Welcome to PhilosFX, the blog that asks, "If your life were a movie, would anyone watch?" We'll combine philosophy and special effects to explore a wide range of subjects. Some call it, "Technicolor Omphaloskepsis." I call it Life: examined, shared, and truly lived.
"Nobody trips over mountains. It is the small pebble that causes you to stumble. Pass all the pebbles in your path and you will find you have crossed the mountain." ~ Author Unknown "Building a business, or any large task for that matter [ahem, like writing a dissertation?], is a process that you must take one step at a time. It's the little things that can sometimes be the biggest obstacles. If you're feeling overwhelmed by the big picture, try tackling just one thing, then another, and another. And, don't forget to give yourself a well deserved pat on the back as you finish each task." ~ Michelle Henry
If you are like me, you may have a tendency to dismiss bromides such as these. Pass all the pebbles and viola! You crossed the mountain. Right! Life is more complicated than that. Or am I just paying too much attention to complexity and detail at the expense of striding out?

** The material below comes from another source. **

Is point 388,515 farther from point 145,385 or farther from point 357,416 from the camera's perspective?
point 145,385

I decided to post and comment about these inspirational quotes today because I do support the underlying truth they contain. It's easy, too easy, to get distracted by the small stuff in our lives. It's hard, very hard, to recognize the small stuff for what it is when we encounter it. Which pebble can I safely step over or on, and which other pebble will get in my shoe or cause me to slide down the mountain?

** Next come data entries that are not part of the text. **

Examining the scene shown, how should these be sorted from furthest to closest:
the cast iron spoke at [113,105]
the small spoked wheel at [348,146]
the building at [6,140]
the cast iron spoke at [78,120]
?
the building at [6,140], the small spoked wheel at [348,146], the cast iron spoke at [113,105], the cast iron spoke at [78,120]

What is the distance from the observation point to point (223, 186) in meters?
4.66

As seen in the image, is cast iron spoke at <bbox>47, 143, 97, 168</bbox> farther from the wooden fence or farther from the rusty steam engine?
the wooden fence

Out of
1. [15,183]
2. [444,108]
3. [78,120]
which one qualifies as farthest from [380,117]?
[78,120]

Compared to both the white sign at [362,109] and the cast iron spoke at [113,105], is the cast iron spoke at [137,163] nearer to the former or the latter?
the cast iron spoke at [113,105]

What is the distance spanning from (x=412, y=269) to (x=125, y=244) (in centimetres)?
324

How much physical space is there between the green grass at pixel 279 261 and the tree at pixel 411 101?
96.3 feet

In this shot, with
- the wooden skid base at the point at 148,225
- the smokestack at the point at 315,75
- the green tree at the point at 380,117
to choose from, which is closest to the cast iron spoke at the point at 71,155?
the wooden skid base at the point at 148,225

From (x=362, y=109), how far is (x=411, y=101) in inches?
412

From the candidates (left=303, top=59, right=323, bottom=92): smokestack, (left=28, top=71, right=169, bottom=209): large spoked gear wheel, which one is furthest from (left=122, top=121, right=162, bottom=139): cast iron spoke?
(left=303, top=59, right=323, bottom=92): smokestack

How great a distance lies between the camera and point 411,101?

Am I alone on this? I don't think so. We're all climbing mountains of one sort or another, but there are pebbles on the path. Making progress is not as easy as ignoring the pebbles. Every step exposes the climber to a new array of pebble-like distractions. We may toil at clearing the path, but the next step seems to bring more pebbles. Perhaps the trick is to see the pebbles and spend just enough energy to decide whether to step on, over, or around them.

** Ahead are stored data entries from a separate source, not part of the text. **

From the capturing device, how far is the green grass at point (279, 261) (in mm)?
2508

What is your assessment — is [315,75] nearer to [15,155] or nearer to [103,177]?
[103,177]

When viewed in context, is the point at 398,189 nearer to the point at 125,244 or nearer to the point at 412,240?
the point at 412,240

What if I slip or stumble? Fear of failure causes us to get really good at the wrong thing--avoiding mistakes. We obsess over our To Do list. We re-write the paragraph ten times. We sort and categorize and polish our pebbles.
What if I reach the summit and realize only then that I climbed the wrong mountain? Fear of success causes us to focus on all the pretty rocks on our path. Life is full of so many interesting distractions. We fritter away our time and energy on pursuits that are only tangentially related to our main effort. Wouldn't it be a pity to miss out on the simple joys of life because we were so hell-bent on getting to the top?
The smart climber will recognize that some balance is a good thing. There may be more than one path to the peak, so I will strive to be open to options, but not to the extent that I stop moving. The peak I can see from today's vantage point may not be the actual summit, so I will be prepared for disappointment, but I must keep moving. There is time for clearing pebbles, but only to the extent that I can keep moving. I climb the mountain I am on, right or wrong, because it makes no sense to worry about someone else's mountain. I climb to the best of my ability, while trying to get better at what matters.There is only so much room in the rucksack for non-essentials, so maybe it's time to give away the rock collection and get back to climbing a little faster.
Pass all the pebbles and life will be perfect, right? No, not quite. The process of climbing asks us to climb while noticing the pebbles and thinking about each step, but climbing, always climbing, always moving onwards and upwards.